Express line to erythropoiesis

March 18, 2014 - Primitive erythropoiesis during animal development requires stepwise differentiation from pluripotent epiblast cells, which undergo gastrulation to form the three germ layers: endoderm, ectoderm, and mesoderm. Newly formed mesoderm generates hemangioblast cells, the embryonic origins of the blood and vascular system, by initiating expression of early hematopoietic factors. These hemangioblasts then give rise to primitive erythrocytes. A number of studies have noted a delay between the appearance of early hematopoietic markers in mesoderm and that of erythroid lineage-specific globin genes in hemangioblasts. The purpose and the mechanisms at work during this delay, however, remain unclear.
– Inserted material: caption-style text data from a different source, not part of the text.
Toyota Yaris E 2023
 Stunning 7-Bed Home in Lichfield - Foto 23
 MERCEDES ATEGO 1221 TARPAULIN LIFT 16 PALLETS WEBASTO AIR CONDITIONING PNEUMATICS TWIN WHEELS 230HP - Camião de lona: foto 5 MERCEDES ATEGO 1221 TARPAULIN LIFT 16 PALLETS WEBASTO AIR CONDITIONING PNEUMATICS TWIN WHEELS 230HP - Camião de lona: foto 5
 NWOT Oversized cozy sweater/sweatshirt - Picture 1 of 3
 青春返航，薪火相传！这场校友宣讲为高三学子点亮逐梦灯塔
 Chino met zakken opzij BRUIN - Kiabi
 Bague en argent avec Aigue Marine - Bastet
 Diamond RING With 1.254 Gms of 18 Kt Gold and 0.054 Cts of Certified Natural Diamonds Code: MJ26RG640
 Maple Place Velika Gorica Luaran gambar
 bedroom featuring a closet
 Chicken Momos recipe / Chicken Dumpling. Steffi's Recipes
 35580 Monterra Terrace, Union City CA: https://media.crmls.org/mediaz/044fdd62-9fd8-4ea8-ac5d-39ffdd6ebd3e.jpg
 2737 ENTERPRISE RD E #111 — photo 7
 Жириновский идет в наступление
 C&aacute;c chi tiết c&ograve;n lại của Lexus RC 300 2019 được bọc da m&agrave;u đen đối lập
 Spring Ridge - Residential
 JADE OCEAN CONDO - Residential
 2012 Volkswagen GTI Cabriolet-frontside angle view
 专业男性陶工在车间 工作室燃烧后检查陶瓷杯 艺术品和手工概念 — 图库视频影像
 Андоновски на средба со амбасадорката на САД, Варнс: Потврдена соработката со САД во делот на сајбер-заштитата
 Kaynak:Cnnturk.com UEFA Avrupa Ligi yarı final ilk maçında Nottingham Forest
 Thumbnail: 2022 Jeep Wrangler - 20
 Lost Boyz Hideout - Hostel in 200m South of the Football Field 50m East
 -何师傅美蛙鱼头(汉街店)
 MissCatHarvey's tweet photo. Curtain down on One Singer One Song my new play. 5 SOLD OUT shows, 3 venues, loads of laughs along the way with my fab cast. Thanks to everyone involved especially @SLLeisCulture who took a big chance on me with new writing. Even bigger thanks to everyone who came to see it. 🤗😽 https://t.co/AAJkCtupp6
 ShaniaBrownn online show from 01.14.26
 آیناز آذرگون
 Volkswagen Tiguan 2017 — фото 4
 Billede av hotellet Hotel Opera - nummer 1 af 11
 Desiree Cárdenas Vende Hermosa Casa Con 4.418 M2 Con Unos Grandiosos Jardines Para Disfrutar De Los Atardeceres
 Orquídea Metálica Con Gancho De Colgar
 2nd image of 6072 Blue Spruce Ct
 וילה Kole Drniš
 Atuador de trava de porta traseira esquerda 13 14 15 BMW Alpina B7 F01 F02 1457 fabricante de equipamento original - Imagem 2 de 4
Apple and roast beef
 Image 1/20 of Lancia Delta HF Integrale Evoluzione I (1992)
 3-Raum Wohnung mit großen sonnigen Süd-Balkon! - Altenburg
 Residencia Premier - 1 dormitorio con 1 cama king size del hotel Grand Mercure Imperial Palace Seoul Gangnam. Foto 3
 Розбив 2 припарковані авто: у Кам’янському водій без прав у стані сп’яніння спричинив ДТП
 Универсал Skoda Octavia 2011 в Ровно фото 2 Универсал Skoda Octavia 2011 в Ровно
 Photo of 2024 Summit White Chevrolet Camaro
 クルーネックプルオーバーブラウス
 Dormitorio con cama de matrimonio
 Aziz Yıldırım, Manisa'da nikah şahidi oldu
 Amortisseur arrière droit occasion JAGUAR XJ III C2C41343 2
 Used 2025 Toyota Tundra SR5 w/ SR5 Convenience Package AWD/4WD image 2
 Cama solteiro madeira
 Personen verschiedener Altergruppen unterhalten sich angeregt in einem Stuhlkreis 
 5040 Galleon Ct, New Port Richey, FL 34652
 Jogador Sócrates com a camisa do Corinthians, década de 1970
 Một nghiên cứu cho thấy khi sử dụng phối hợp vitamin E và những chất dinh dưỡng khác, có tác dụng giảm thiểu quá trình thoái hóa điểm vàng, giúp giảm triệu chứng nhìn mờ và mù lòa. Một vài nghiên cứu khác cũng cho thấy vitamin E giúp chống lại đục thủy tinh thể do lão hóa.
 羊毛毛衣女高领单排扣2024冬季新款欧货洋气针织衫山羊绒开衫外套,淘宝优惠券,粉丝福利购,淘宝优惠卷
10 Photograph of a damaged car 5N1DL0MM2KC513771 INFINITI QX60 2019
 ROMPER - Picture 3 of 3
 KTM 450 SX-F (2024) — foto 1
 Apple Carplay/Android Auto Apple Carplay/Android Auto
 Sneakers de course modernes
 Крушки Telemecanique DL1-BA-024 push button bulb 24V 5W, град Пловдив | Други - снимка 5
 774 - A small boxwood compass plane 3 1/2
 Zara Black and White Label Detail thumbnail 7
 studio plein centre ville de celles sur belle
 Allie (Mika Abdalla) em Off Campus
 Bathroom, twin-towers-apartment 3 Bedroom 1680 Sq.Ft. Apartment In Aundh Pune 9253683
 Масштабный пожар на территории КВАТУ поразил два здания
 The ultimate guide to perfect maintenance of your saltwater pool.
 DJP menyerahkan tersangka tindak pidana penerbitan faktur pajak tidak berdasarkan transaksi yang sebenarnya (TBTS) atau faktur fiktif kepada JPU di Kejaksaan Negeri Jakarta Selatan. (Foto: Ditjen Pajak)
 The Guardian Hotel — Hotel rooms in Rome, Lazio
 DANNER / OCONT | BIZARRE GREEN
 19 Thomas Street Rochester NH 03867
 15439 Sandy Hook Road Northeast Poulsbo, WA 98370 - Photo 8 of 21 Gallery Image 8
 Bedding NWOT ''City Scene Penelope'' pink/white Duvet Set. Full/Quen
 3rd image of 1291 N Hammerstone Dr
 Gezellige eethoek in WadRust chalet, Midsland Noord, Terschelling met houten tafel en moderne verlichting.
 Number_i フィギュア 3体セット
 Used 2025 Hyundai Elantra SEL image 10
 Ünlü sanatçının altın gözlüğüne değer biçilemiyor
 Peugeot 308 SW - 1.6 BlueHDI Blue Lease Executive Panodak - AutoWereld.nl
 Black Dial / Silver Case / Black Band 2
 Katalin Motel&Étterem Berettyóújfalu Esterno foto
New work by Wei Weng and colleagues in the Laboratory for Early Embryogenesis (Guojun Sheng, Team Leader) now shows that epiblast cells can be made to differentiate directly into the erythroid lineage in vivo through forced expression of five erythropoiesis-related transcription factors and inhibition of the FGF pathway. Published in Stem Cell Reports, these findings suggest a new mode of induced differentiation that bypasses the step-by-step routine seen during development.

Primitive erythropoiesis during embryonic development (left). Direct induction of erythroid differentiation in the epiblast (right).		Globin-positive cells induced in the forebrain and head surface ectoderm by five transcription factors (SCL, LMO2, LDB1, E2A, and GATA2).

Sheng’s group previously reported that FGF signaling has an inhibitory effect on primitive blood differentiation in chicken. Using an FGF inhibitor to block FGF expression levels in the embryo, this time, Weng and Sheng looked at the effect of FGF activity on early erythropoiesis and on the expression of early hematopoietic factors, SCL and LMO2. A comparison of the effects of FGF inhibition in embryos before or after endogenous expression of SCL and LMO2, suggested that FGF is needed to switch on both of these genes in mesoderm. In FGF-inhibited embryos, they found that exogenous expression of SCL and LMO2 in mesoderm is sufficient to induce robust erythroid differentiation.

Steering pluripotent epiblast cells to differentiate directly into the erythroid lineage proved to be trickier than just inhibiting FGF and turning on two genes. Weng and Sheng searched transcriptomic data for candidate genes with similar expression profiles to SCL and LMO2 and putative regulatory roles during the transition to erythropoiesis. They identified LDB1 and E2A, both of which have been implicated in mammalian hematopoiesis, and are thought to form a complex with SCL, LMO2 and GATA2 to regulate erythropoiesis in vitro.

They made expression constructs of these five genes (SCL, LMO2, GATA2, LDB1, and E2A) and found that when they electroporated the five constructs in combination with FGF inhibition before the endogenous expression of early hematopoietic regulatory genes, they were able to induce strong expression of rho, an erythroid marker, in epiblast. Interestingly, the combination of these five gene constructs and FGF inhibition also induced expression of a gene involved in heme biosynthesis in epiblast, suggesting that this directed differentiation also initiates expression of other essential factors required for primitive erythropoiesis.

“Many groups have tried using one or two key hematopoietic genes to induce erythroid differentiation from mesoderm. What we have done here is to look at inducing erythroid differentiation in mesoderm as well as other lineages,” says Weng. “We have been able to get high efficiency in inducing differentiation in not only mesoderm into a specific lineage, but also in pluripotent epiblast and in ectoderm derivatives that are already less pluripotent than epiblast. But it remains to be seen whether this same efficiency can be achieved in vitro.”